[Image-caption web data]

————————

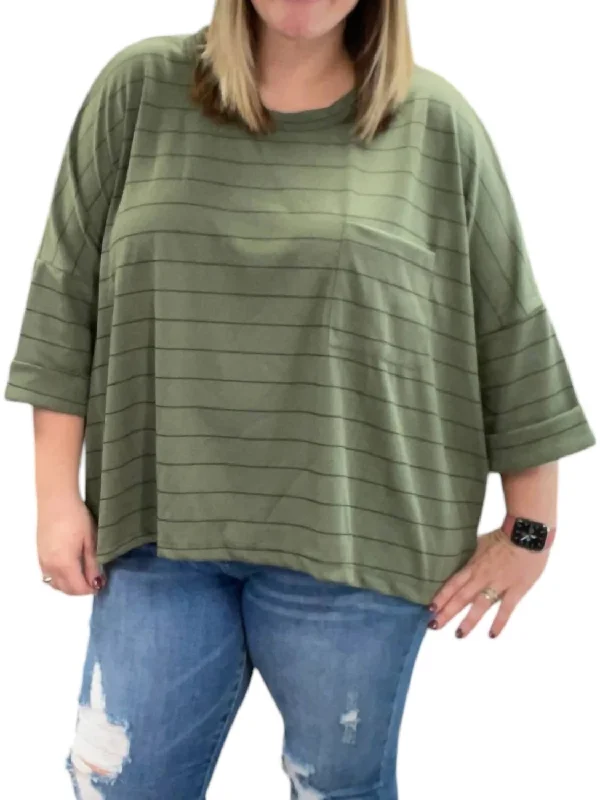 Striped Boxy Top In Olive Today Only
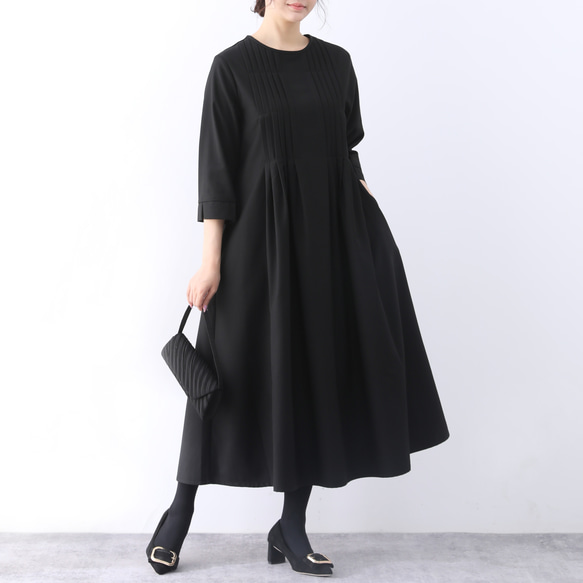 【即納】裾上げ無料♪サイズオーダー可♪全18色　フォーマル　ピンタック　ワンピース（45） 1枚目の画像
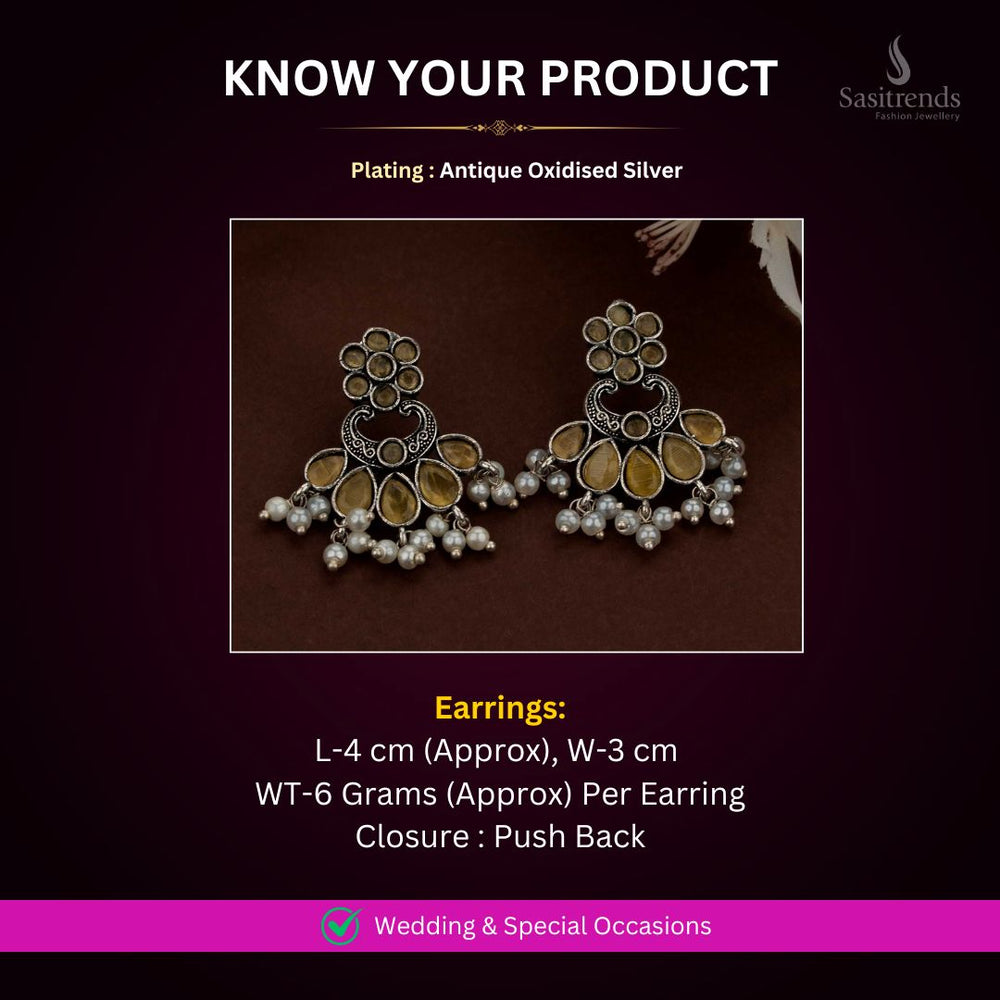 Antique Oxidised Silver Earrings Measurement Image - Sasitrends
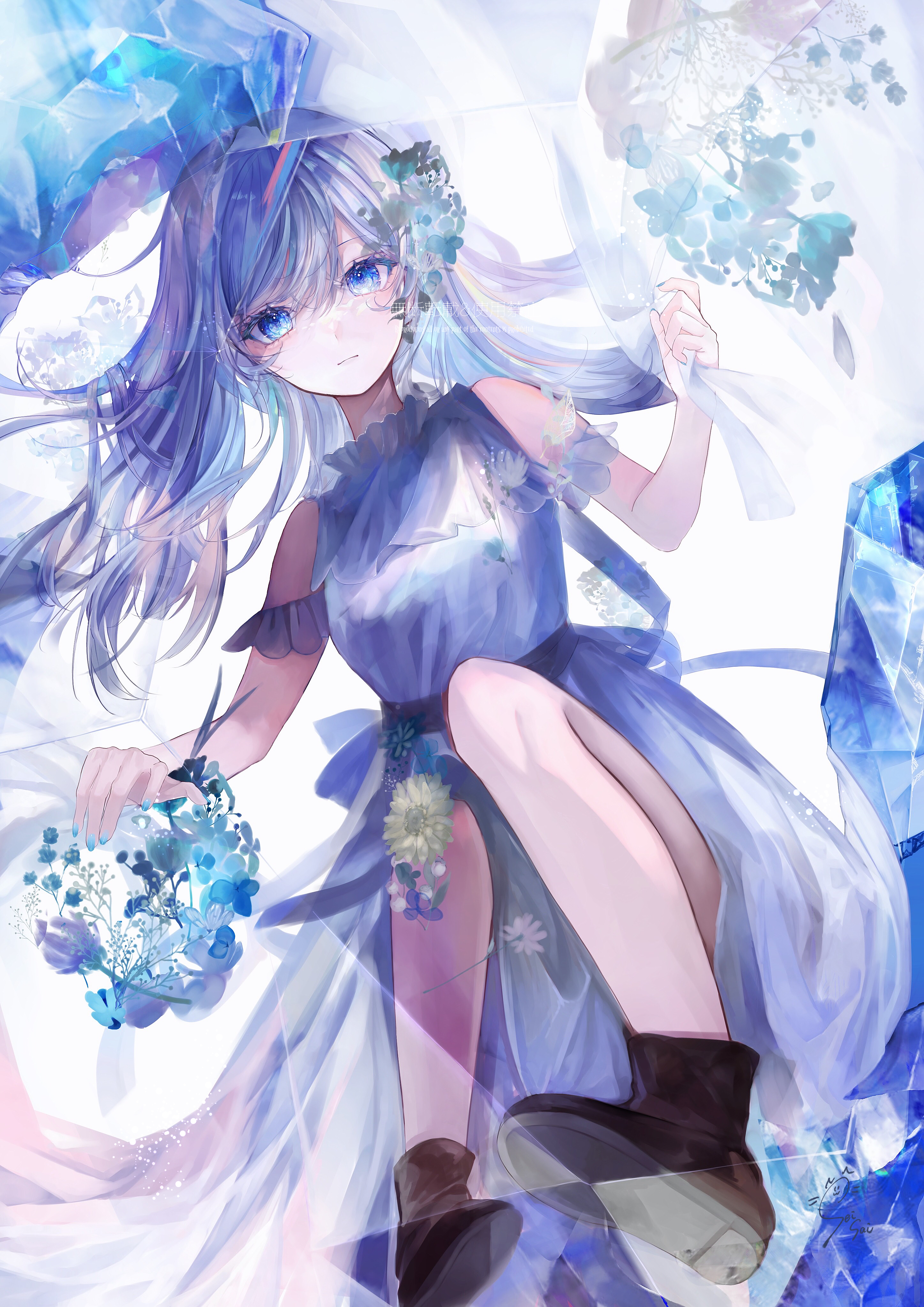 Anime 2894x4093 anime anime girls portrait display long hair bare shoulders dress looking at viewer flowers bent legs blue eyes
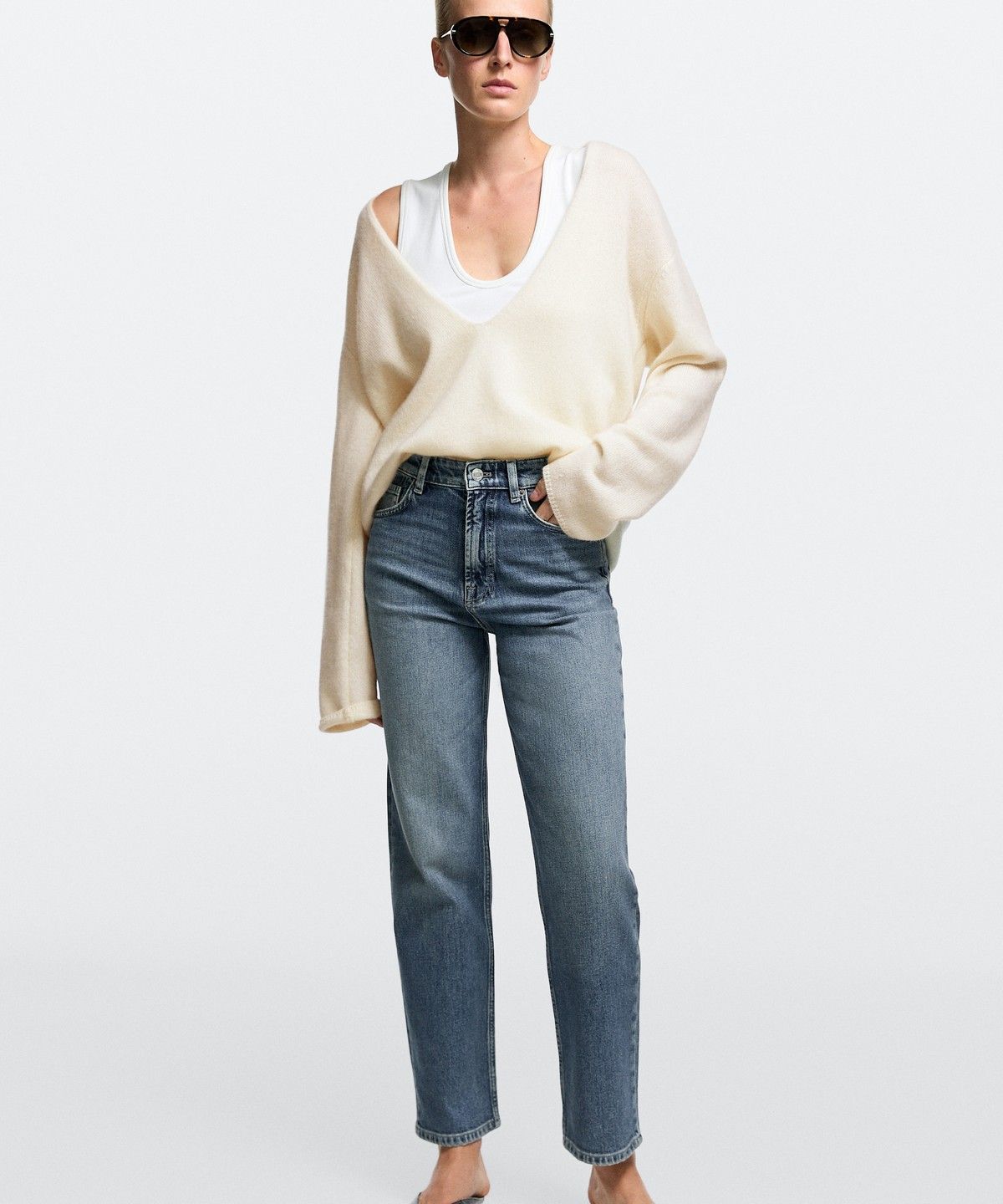 마시모두띠(MASSIMO DUTTI) 하이라이즈 크롭 스트레이트 핏 진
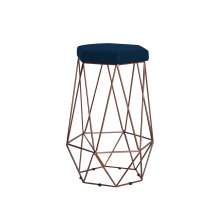 Banqueta Decorativa Rubel Base Bronze Veludo Azul G41 - Gran Belo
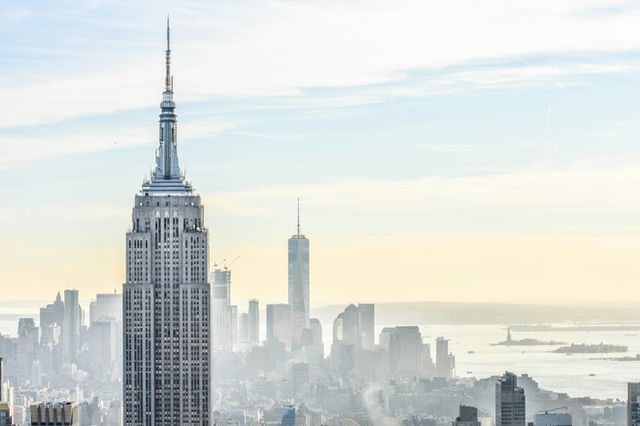 Empire state building with new york city skyline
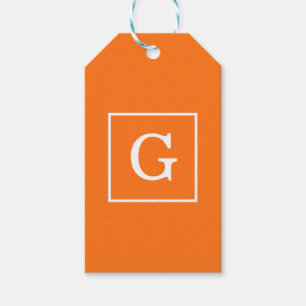 Pumpkin Orange White Framed Initial Monogram Gift Tags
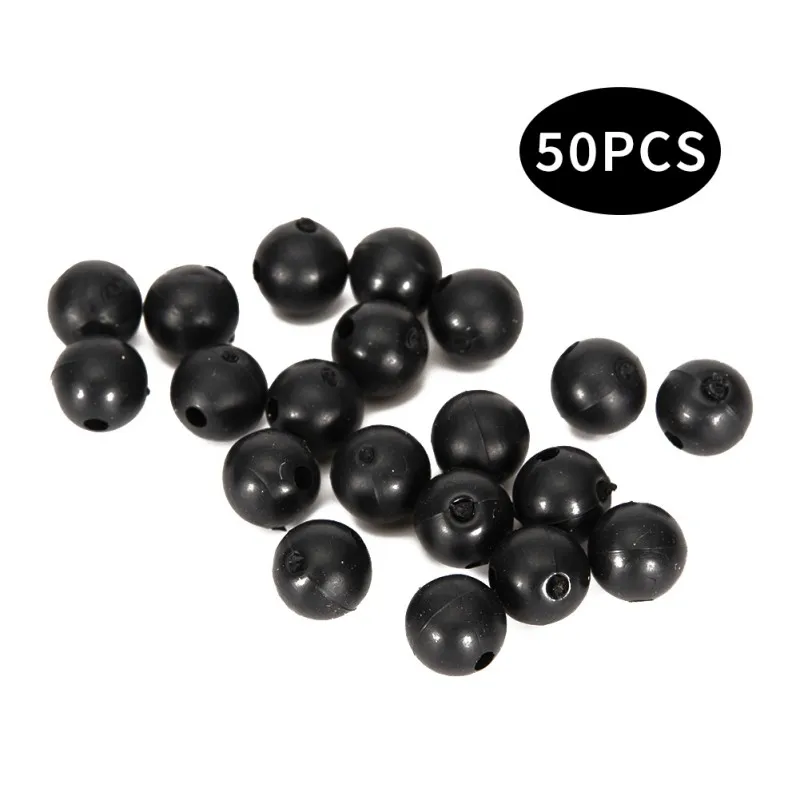 50 sztuk/partia 6mm-8mm koraliki wędkarskie Space Stopper czarne okrągłe miękkie/twarde gumowe koraliki przynęty haczyk akcesoria do przyponów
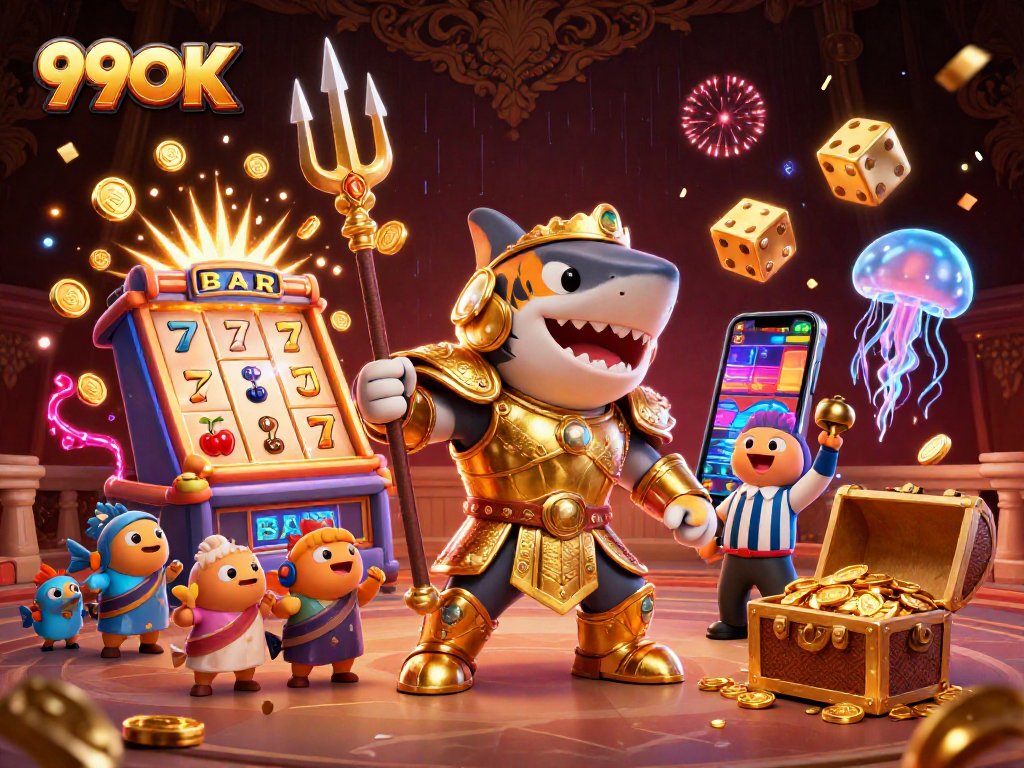Experience the excitement of 99OK as vibrant characters interact in an engaging casino scene.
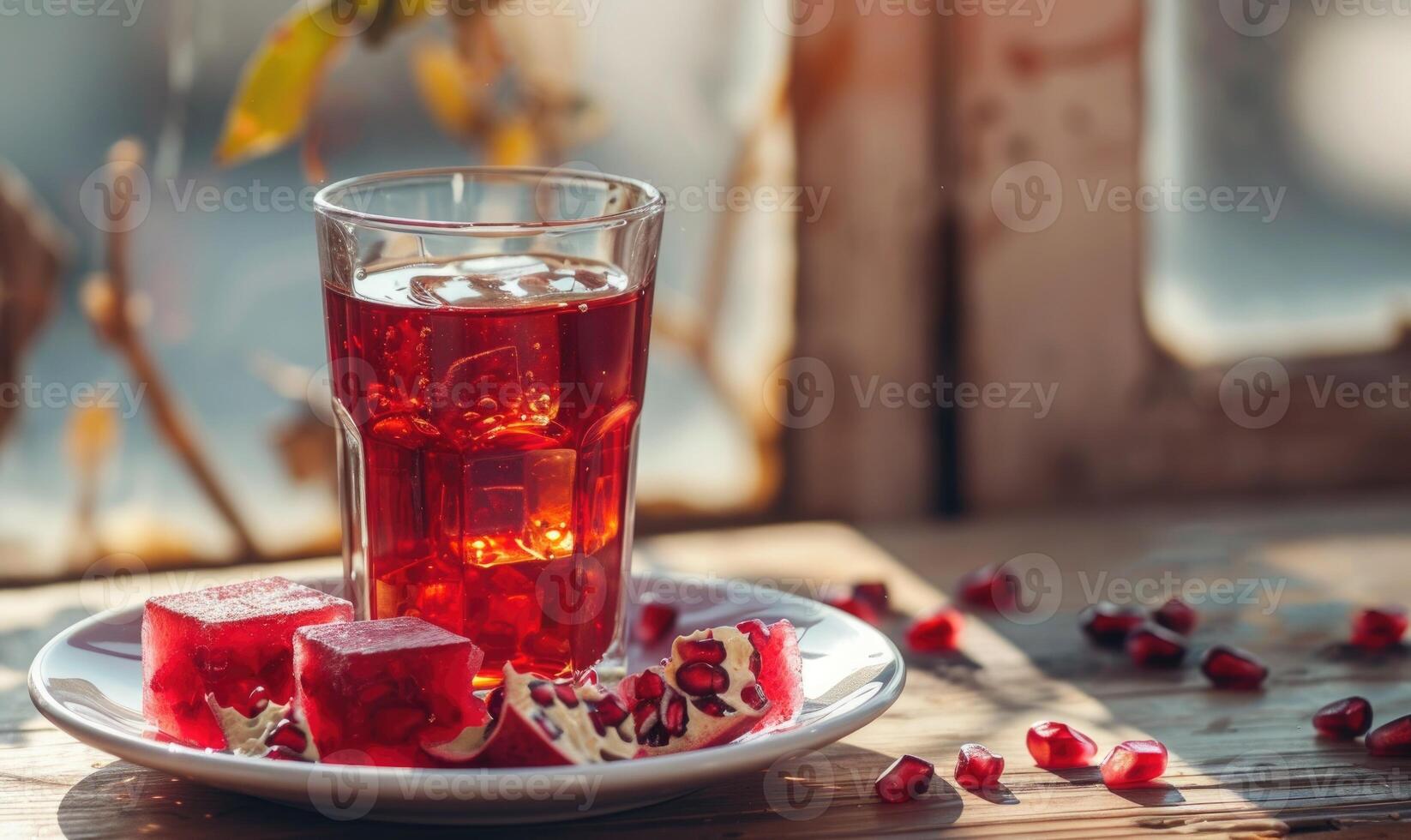 A glass of pomegranate juice photo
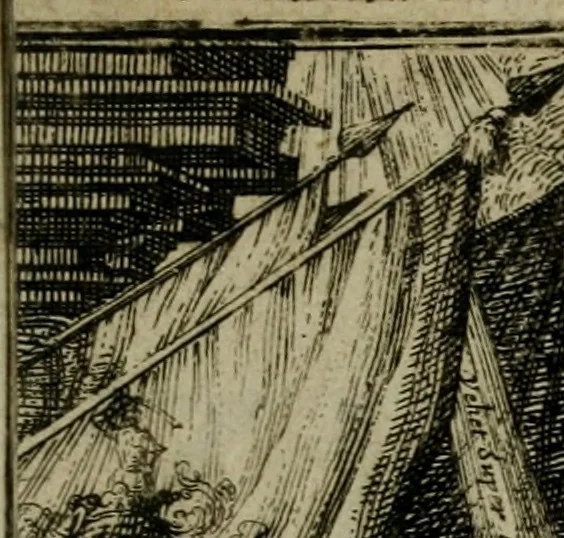 An illustration from Leeven en daden der doorluchtighste zee-helden en ontdeckers van landen deser eeuwen : beginnende met Christoffel Colombus, vinder van de nieuwe wereldt, en eyndigende met den roemruchtigen admirael M.A. de Ruyter, Ridd. &c. : vertoonende veel vreemde voorvallen, dappere verrichtingen, stoutmoedige bestieringen, en swaere zee-slagen, &c. : naeukeurigh, uyt veele geloofwaerdige schriften, en authentijcke stucken, by een gebracht, en beschreven, 1676, leaf 8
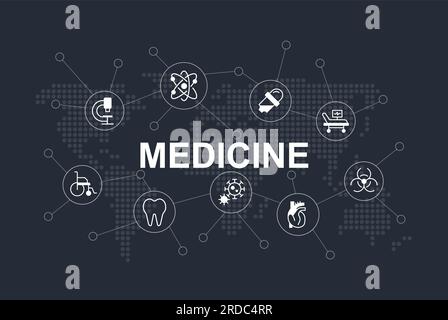World medicine word concept design template with icons Stock Vector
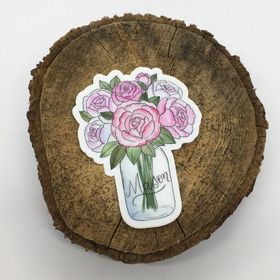 Mason Jar with Peonies Watercolor Vinyl Sticker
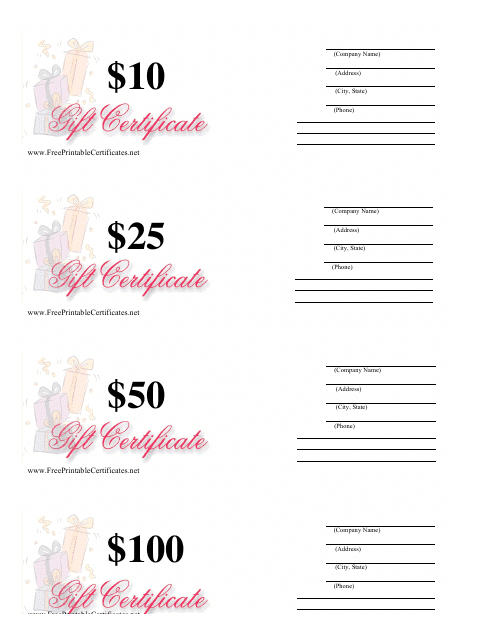 Pastel gift certificate template for various amounts (10, 25, 50, and 100 dollars)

————————

▶ **Exercise brief**
Copy word for word the lines above, starting at the line containing "마시모두띠(MASSIMO DUTTI) 하이라이즈 크롭 스트레이트 핏 진" and ending at the line containing "World medicine word", inclusive, with no pictures.

▶ **The answer**
 마시모두띠(MASSIMO DUTTI) 하이라이즈 크롭 스트레이트 핏 진
 Banqueta Decorativa Rubel Base Bronze Veludo Azul G41 - Gran Belo
 Empire state building with new york city skyline
 Pumpkin Orange White Framed Initial Monogram Gift Tags
 50 sztuk/partia 6mm-8mm koraliki wędkarskie Space Stopper czarne okrągłe miękkie/twarde gumowe koraliki przynęty haczyk akcesoria do przyponów
Experience the excitement of 99OK as vibrant characters interact in an engaging casino scene.
 A glass of pomegranate juice photo
 An illustration from Leeven en daden der doorluchtighste zee-helden en ontdeckers van landen deser eeuwen : beginnende met Christoffel Colombus, vinder van de nieuwe wereldt, en eyndigende met den roemruchtigen admirael M.A. de Ruyter, Ridd. &c. : vertoonende veel vreemde voorvallen, dappere verrichtingen, stoutmoedige bestieringen, en swaere zee-slagen, &c. : naeukeurigh, uyt veele geloofwaerdige schriften, en authentijcke stucken, by een gebracht, en beschreven, 1676, leaf 8
World medicine word concept design template with icons Stock Vector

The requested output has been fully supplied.